EERA and ECER – nostalgic reflections of a past love affair

EERA and ECER – nostalgic reflections of a past love affair

EERA is celebrating 30 years in 2024, and as part of our anniversary celebrations, we have invited people who have been at the heart of the association to share their memories and reflections. In a series of blog posts, which will run throughout 2024, we will share those precious memories, from the people who helped foster the global EERA community.

In this blog post, Dr Peter Gray takes a rather light-hearted yet nostalgic look back over the meetings and encounters of EERA and ECER, and wonders whether the spark can be rekindled.

EERA is 30! Like an old flame, there is nostalgia, the desire to tie up loose ends, regret, and exhilaration. I remember EERA, and ECER in particular, as a love affair with conversations and possibilities, ultimately something in the past that was life-changing, but unreal.

Professionally, I owe everything to chance meetings at ECER, and its kaleidoscope of cities, Geneva, Ghent, Helsinki, Gothenburg, Istanbul, Cadiz, Porto, Budapest, and more, the complex architecture of education in bricks and cuisine, locality and world-making. Passionately, I loved the anticipation of arrival, meeting the wonderful EERA office team, everything in order and yet everything in the chaos of ideas and interactions, fluid, a kiss of learning and desire. Desire for what? 

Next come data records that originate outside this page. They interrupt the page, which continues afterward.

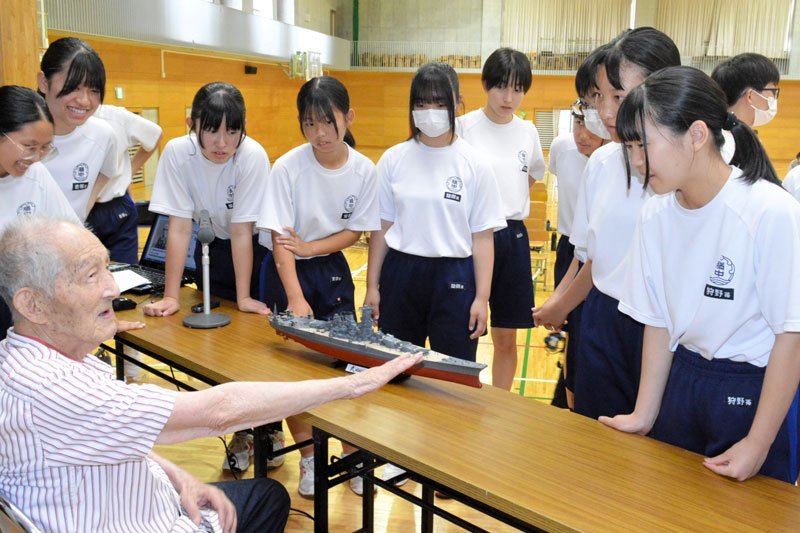 艦船の鉄片が残る右腕を見せながら話す早川さん＝勝浦市
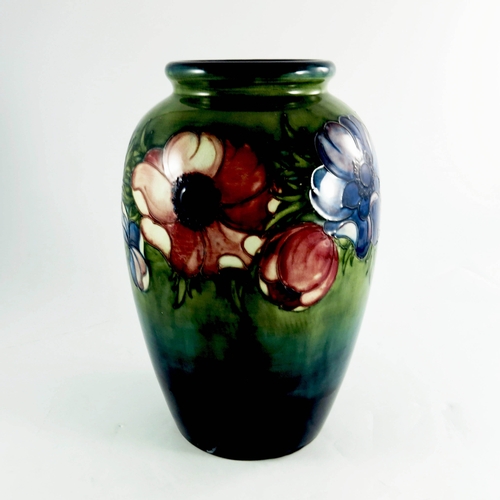 1083 - Walter Moorcroft, a large Anemone on green vase, 1953, shouldered ovoid form, impressed marks and fa... 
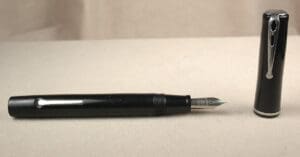 Black fountain pen with detached cap.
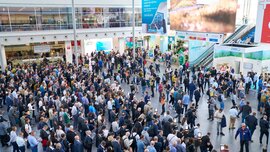 Elevated view of a very busy, modern exhibition hall with many people, exhibition stands, and large screens.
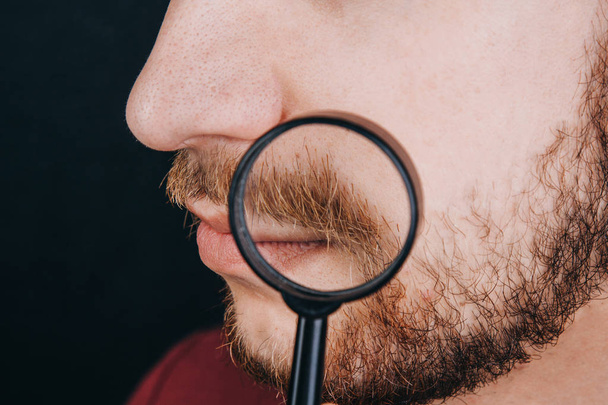beard under a magnifying glass. hairline on a man's face close up. portrait of a guy with a mustache - Foto, Imagen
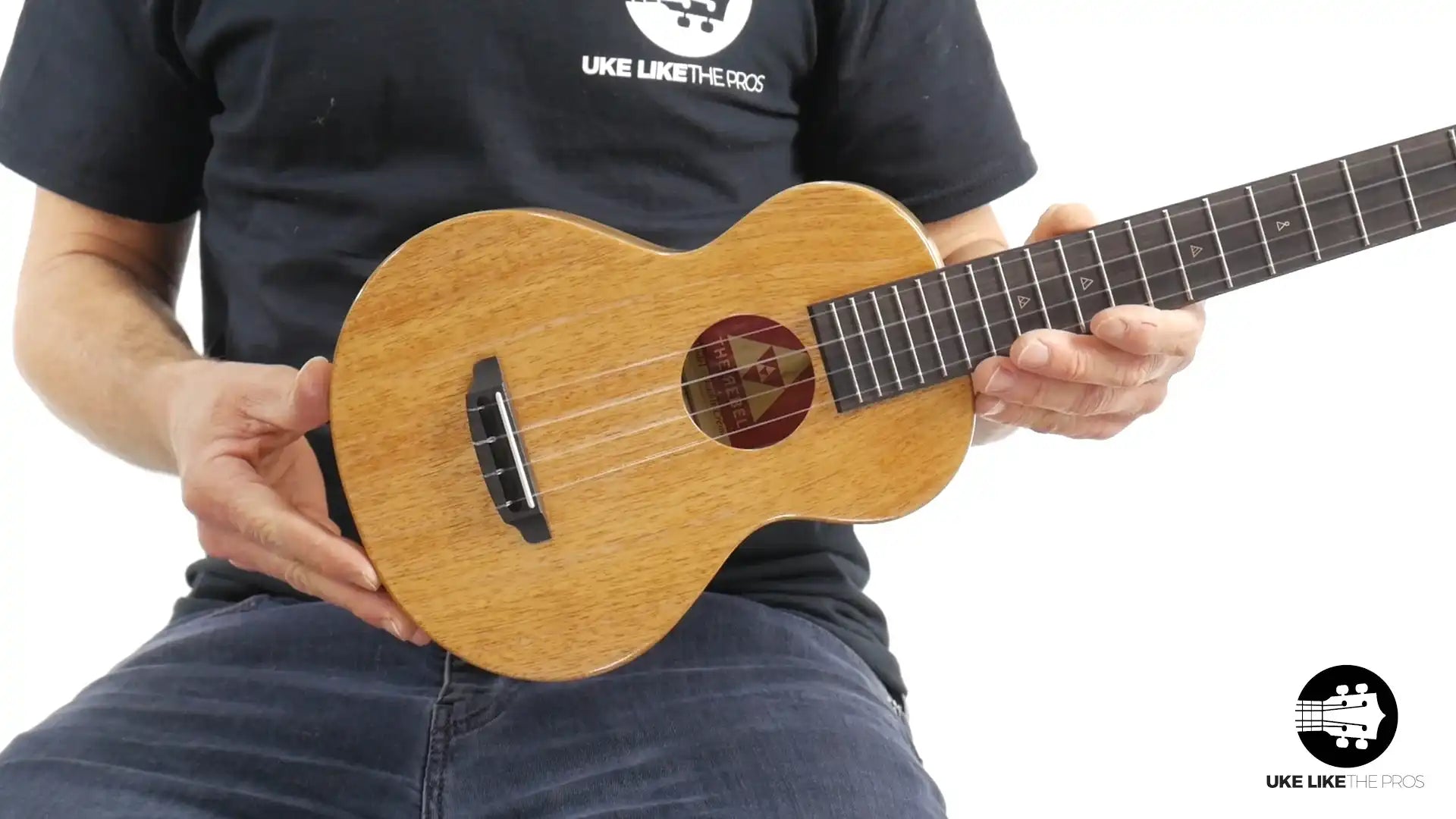 Rebel Double Creme ukulele with natural wood finish held by musician, Terry Carter Music Store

Always there was the Manhattan moment of critical mass, the idea that two and a half thousand people, intelligent, bright, outward-looking people, could somehow explode education into what it should be, a blinding light overcoming the desperate human condition of violence and stupidity. Yet, how could we achieve this? Thousands of papers, presentations, and answers, yet no progress. How could this knowledge be captured and made to fly?

We tried, of course. The spark was there, the team was forming, and the technology kept moving forward. But still, we are at the margins of science, amateur researchers with our small, dim-burning candles of evidence against the hadron colliders and their fundamental particles. Not a single useful result, and yet physics gets billions; we get what’s left. 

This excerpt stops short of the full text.